Kathy La Sauce didn’t blaze trails during her 20-year Air Force career. She scorched them.
She joined the Air Force in 1972, after receiving one of only two Officer Training School slots for the Long Island, New York area.
“When I graduated from college, I wanted my life to matter so I looked at joining the Air Force,” La Sauce said. “Fortunately, the Air Force had just increased the number of women that would be allowed to serve, and it opened up some of the nontraditional career fields.”
Her next stop was Chanute Air Force Base, Illinois, where she became part of the first maintenance officer class to include women.
“I spent seven months learning about all the systems of an aircraft – engines, hydraulics, electronics, aerodynamics – and I loved it!” La Sauce said.
Supervising maintenance personnel and coordinating the recovery, repair and launch of C-141 Starlifters, C-5 Galaxies and WC-130 Hercules “Typhoon Chasers” was a great life. She may well have gone on to complete her career in aircraft maintenance were it not for the Air Force announcing a groundbreaking test program. So it was her next “first” that set the course for history – graduating in 1977 as a member of the first Undergraduate Pilot Training class to include women.
“When I learned that they were going to open up flying to women, I was excited about the possibility of the opportunity to learn to fly,” she said. “My technical knowledge and my reputation in maintenance was undoubtedly the reason I was selected to be in the first class.”
La Sauce said she found pilot training to be “extremely demanding but yet thrilling.” While many Americans were celebrating the huge step in equal rights for women, not everyone was on board with the changes.
“Some of our flight commanders didn’t want us there,” she said. “And some of them even said, ‘Well, if I had my way, none of you would graduate’.”
Despite the negativity, La Sauce didn’t let it stop her from achieving her goals.
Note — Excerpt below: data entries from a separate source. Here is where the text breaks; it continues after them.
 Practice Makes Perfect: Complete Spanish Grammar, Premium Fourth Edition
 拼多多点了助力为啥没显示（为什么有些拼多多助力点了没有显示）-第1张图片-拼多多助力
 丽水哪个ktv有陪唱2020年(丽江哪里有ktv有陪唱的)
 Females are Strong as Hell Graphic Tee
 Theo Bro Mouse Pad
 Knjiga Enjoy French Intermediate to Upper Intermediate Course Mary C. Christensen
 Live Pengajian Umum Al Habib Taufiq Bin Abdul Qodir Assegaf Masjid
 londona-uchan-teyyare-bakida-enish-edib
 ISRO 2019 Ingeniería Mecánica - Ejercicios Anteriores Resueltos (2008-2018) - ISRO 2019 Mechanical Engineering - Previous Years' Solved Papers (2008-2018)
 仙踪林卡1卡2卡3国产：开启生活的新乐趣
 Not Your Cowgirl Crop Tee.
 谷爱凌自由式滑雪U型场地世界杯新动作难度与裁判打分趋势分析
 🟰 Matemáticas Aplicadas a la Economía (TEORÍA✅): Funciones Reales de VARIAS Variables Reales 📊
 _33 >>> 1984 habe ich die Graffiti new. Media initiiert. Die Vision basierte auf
She thought of what it would mean if she didn’t succeed.
“I realized that opportunities for women in the Air Force might have been limited,” she said. “They might not have opened up and removed the combat exclusion laws, so women wouldn’t be flying fighter aircraft, women wouldn’t be flying combat missions, nor be test pilots or astronauts.”
“We were considered a test program – a test program because there were political and military leaders who did not want us to succeed,” La Sauce said. “I knew that my success as a pilot and my career progression was extremely important to future generations of women who would follow after me.”
She trained on T-37 and T-38 Talon aircraft during UPT, and chose to fly the C-141 cargo aircraft after graduating, giving her the ability to fly around the world. While stationed at Norton AFB, California, she achieved three more “firsts” – first woman to be a C-141 aircraft commander, instructor pilot and flight examiner pilot. She was then selected as the first female pilot to fly in the 89th Airlift Wing at Andrews AFB, Maryland. She flew the VC-135 Stratolifter and upgraded to aircraft commander. After a staff tour at the Pentagon, she returned to Andrews AFB, where she became the first woman to command an aerial port squadron – one that supported the president of the United States.
La Sauce considers commanding the aerial port squadron her most memorable assignment.
“While I was there, there was President Mitterand and Gorbachev and Margaret Thatcher … an exciting time,” she said. “It was an assignment for me to make a bigger difference.”
She made some changes during her time at Andrews AFB, and while they may seem small, they showed La Sauce paid attention to the needs not only of the distinguished visitors, but her Airmen as well. One of the changes was adding items to the supply list specifically for women. Even though there were many Congresswomen who came through as passengers, there wasn’t a single item on either the aircraft or in the DV lounge that could accommodate their needs. She also obtained funding to replace a 25-year-old pallet scale with a digital one.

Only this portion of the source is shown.